🤖 AI Summary
Transformer-based multi-view reconstruction models (e.g., VGGT, π³) suffer from inference bottlenecks on large-scale image sets due to the quadratic computational complexity O(N²) of global self-attention. Method: We propose a plug-and-play block-sparse global attention mechanism that requires no retraining. Grounded in the empirical observation that cross-view matching regions concentrate probability mass in only a few critical blocks, we design a structured block-sparse pattern and integrate highly optimized sparse kernel functions. The method is fully compatible with existing architectures—preserving model structure and training procedures unchanged. Contribution/Results: Our approach achieves up to 4× speedup in inference time while maintaining reconstruction accuracy. Extensive evaluation on mainstream multi-view benchmarks—including ScanNet and DTU—demonstrates its effectiveness, robustness, and scalability.
📝 Abstract
Efficient and accurate feed-forward multi-view reconstruction has long been an important task in computer vision.

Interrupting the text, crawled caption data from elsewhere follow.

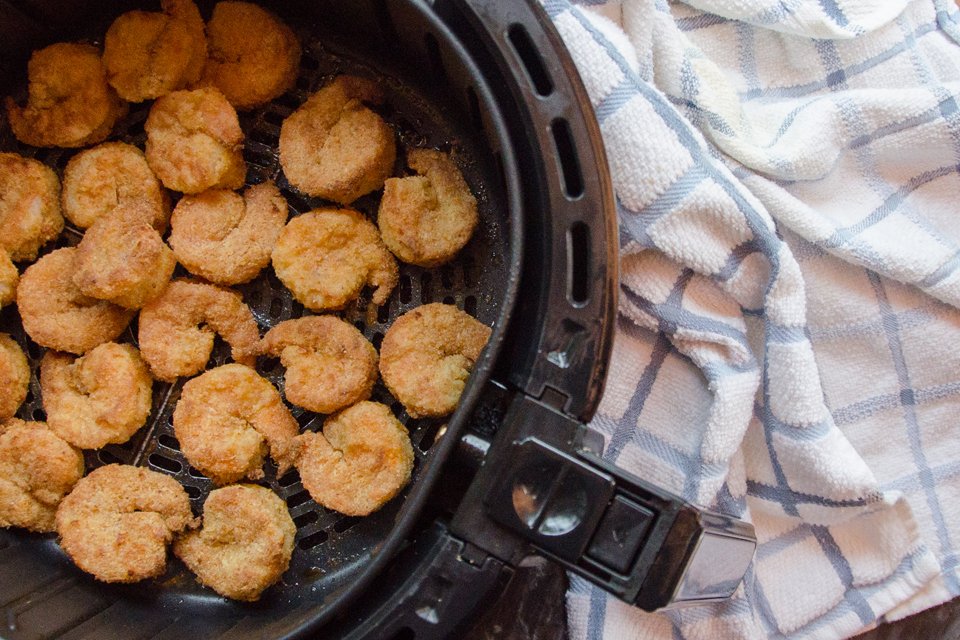 Bang Bang Shrimp in process with coated shrimp in an air fryer basket.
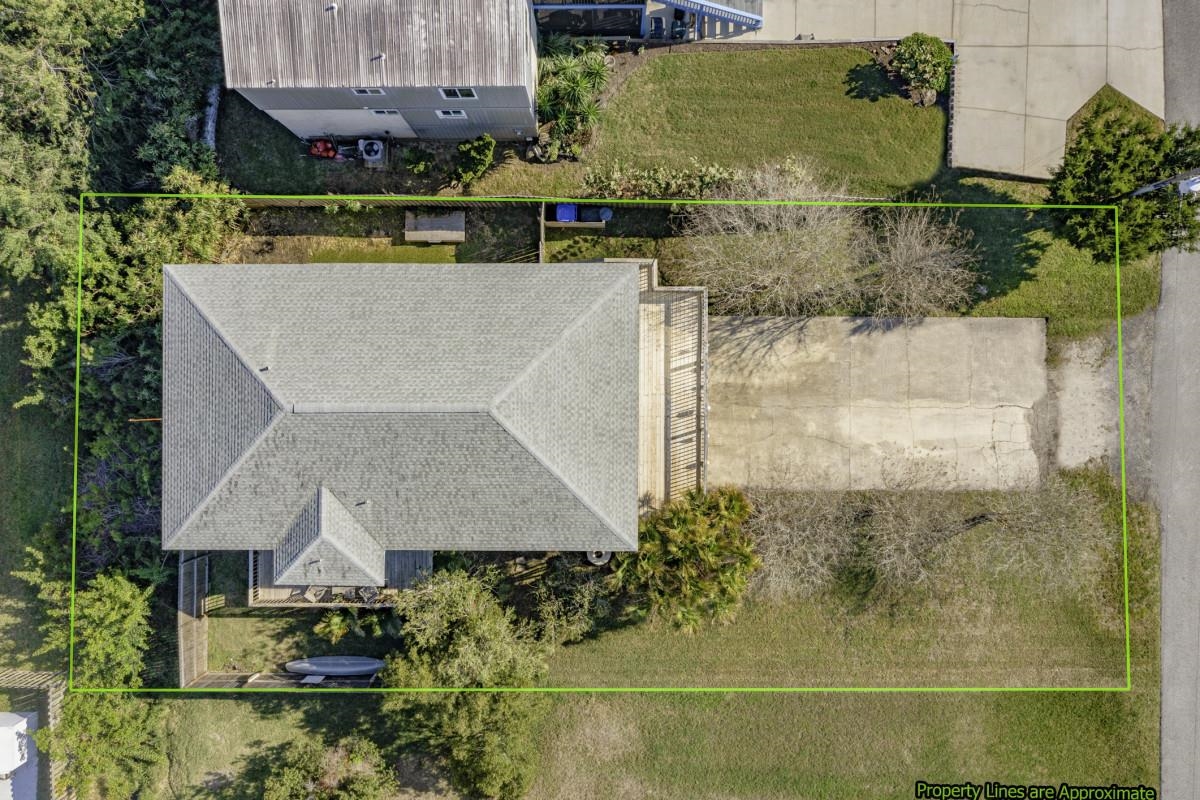5484 5th Street St. Augustine, FL 32080 - Photo 5 of 37 an aerial view of a house with a swimming pool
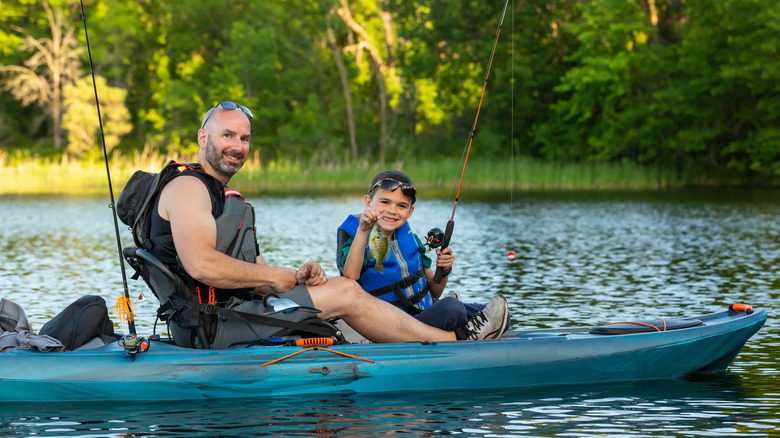 A father and son in a kayak with life jackets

Recent transformer-based models like VGGT and $π^3$ have achieved impressive results with simple architectures, yet they face an inherent runtime bottleneck, due to the quadratic complexity of the global attention layers, that limits the scalability to large image sets. In this paper, we empirically analyze the global attention matrix of these models and observe that probability mass concentrates on a small subset of patch-patch interactions that correspond to cross-view geometric matches. Motivated by the structured attention and inspired by recent advancement in large language models, we propose a replacement for the dense global attention operation based on highly optimized block-sparse kernels, yielding up to $4 imes$ faster inference with comparable task performance. Our retrofit requires no retraining of the backbone, extends to both VGGT and $π^3$, and supports large image collections. Evaluations on a comprehensive suite of multi-view benchmarks demonstrate the effectiveness of our approach.